Eric Strain of assemblageSTUDIO recently answered these questions with the completion of a residence that has been in the works for more than four years, The House in Two Parts, located within Redhawk at The Ridges. Resting on the dictum that as a city we don’t have to be victimized by what already exists within our sight line, Strain conceived a home that defies current labels.
The story starts with a married couple in their 50s who bought a plot of land in The Ridges with panoramic views of the Strip. They have two college-age daughters who don’t spend much time at home. They want to keep their family tight yet still downsize from their current house. They hire assemblageSTUDIO to design the new abode. The result is a perfect fit: a series of stacked boxes, no internal connection points and two separate houses on the same lot, totaling 6,000 square feet.
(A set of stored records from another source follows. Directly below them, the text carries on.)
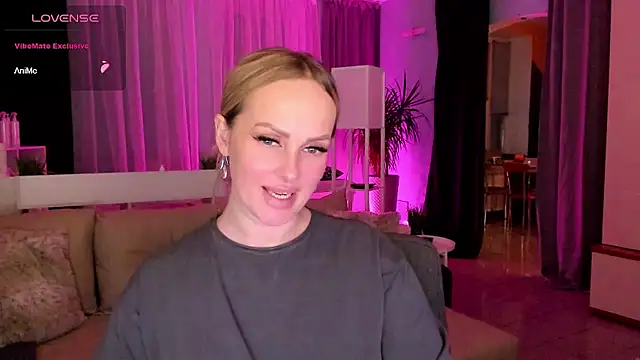 Snapshot of Libby_Nora chatting on December 2024 05:44:01 PM Libby Nora online show from December 2024 05:44:01 PM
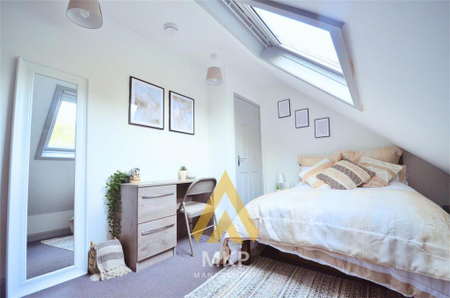 6 bedroom terraced house to rent - Photo 4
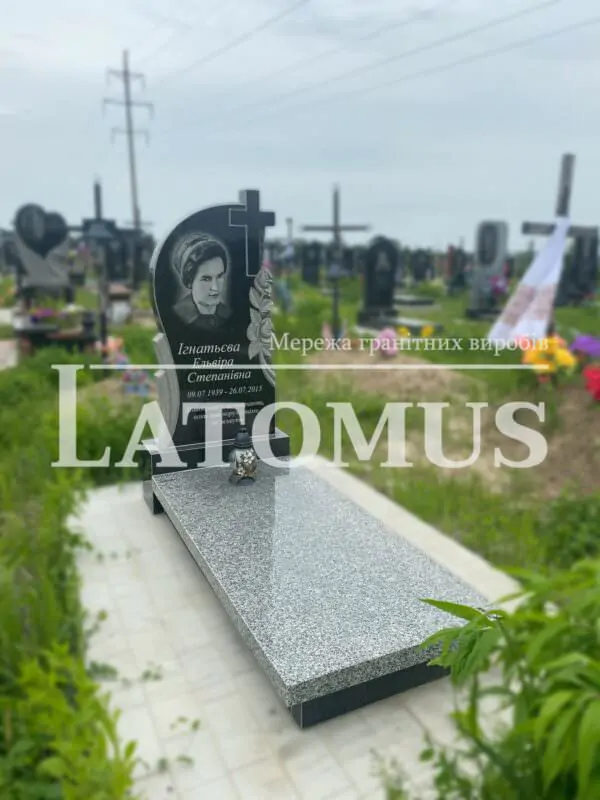 Одинарний памятник на могилу з граніту купити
We asked Strain to explain the rest:
“The original idea was a main house for the owners and then a guesthouse for their daughters when they come home from school. They could come and go as they want without walking by Mom and Dad. When the kids finally leave altogether, it would be about the time the owners’ parents would be needing more assistance and they could move in. What we ended up with is two separate houses with no internal connection points. The main house only has the master and a guest bedroom, and the other house has three rooms plus a media room. Each has its own garage and entrance.’’
What if it rains? How do you get back and forth between the houses?
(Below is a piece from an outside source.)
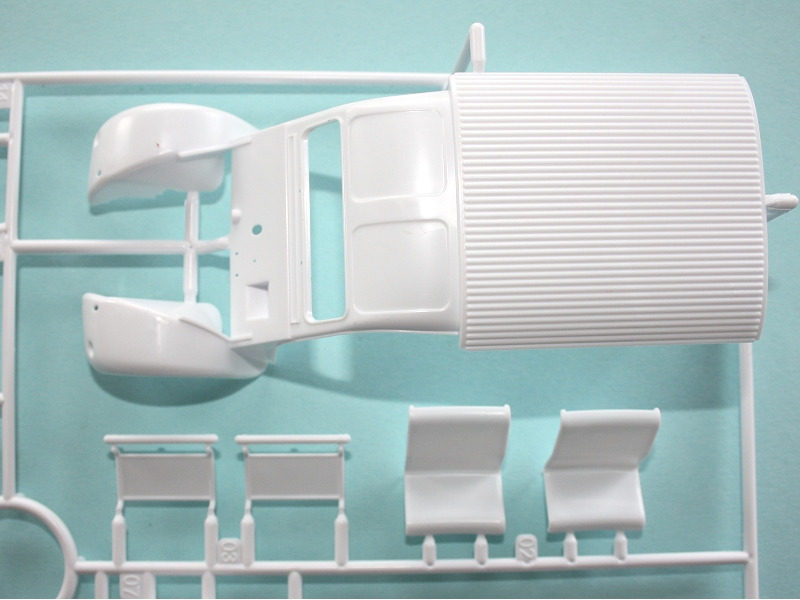 Das Laderaumdach weist eine schöne Wellblechstruktur auf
“It’s almost like when it does rain we should go out in and actually experience it since it doesn’t happen that often. And the distance between the buildings is 20 feet. In this case, you don’t have to be exposed to the weather at all because each house is self-contained. This concept starts to open up opportunities of living in the desert. Everybody’s been so afraid of heat but if you build in such a way that you use the structure to protect large expanses of windows, we can actually benefit from the amount of sun we have.’’ People will call it modern or ultra contemporary. How do you characterize it?
“Everybody thinks they know what modern is and what contemporary means, so we like to use the words “desert regionalism,” something that is more environmentally connected—not contemporary, modern, traditional or Tuscan.’’ The materials are striking against the landscape. What was used?
“This house uses all insulated concrete masonry units. All the insulation is contained within the block and with that you get a high level of protection. It’s smooth on the outside, so it looks like granite. The rest of the house is copper treated with black acid so it will darken instead of turn green as it weathers.’’ Why do you think such an edgy project was approved with such ease?
“It actually meets all the guidelines. It’s a smaller home than what we could really build on the site, so that’s been one of the advantages. The size gives us the latitude to play within the setbacks and we can get clean, straight lines inside of the pitch roofs. We haven’t asked for a lot of variances. Everything we’re doing, it’s a new form, but it fits right in with the guidelines of The Ridges.” What has the reaction been from the community?
“The association came out and toured the house. It’s exactly what we thought—love or hate. It’s not a house that inspires lukewarm feelings. They said they’re glad that it’s there because it’s different from everything else, and it adds the variety they want in the neighborhood, it’s just not their particular style. But the red tile—everybody so far loves the red tile. From the community at large, it is really starting to spark some interest. You don’t have to live in a stucco box anymore. You can live in something that works within the environment that is made of interesting materials.”